Stored data:
------------------------
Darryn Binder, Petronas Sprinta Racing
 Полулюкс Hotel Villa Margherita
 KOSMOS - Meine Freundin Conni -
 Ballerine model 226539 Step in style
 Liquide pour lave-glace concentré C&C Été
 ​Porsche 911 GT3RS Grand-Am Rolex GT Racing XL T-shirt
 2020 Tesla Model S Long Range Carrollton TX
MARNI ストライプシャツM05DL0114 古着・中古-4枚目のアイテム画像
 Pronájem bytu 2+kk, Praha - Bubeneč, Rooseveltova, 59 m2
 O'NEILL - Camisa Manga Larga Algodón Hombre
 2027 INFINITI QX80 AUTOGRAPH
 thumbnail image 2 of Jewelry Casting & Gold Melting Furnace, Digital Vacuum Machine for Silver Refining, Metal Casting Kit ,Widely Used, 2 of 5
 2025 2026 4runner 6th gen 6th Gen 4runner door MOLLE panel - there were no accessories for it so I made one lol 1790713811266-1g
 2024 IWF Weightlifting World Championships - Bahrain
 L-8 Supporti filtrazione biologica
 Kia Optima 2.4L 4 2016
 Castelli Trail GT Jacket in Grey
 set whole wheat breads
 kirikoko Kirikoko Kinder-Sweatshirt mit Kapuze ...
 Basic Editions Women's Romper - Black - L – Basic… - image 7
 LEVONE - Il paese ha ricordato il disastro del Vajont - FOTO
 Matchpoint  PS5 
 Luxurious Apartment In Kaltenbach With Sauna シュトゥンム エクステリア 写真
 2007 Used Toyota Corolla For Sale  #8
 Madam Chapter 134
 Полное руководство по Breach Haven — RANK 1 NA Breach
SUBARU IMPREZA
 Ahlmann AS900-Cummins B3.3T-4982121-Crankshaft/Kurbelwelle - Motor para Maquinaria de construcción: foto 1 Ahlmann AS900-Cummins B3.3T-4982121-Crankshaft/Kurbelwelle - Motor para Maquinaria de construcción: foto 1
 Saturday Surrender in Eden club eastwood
------------------------
What is expected:
Going through the entries above, tally each line that has the word "Used". Answer with the number only.

Response to the exercise:
2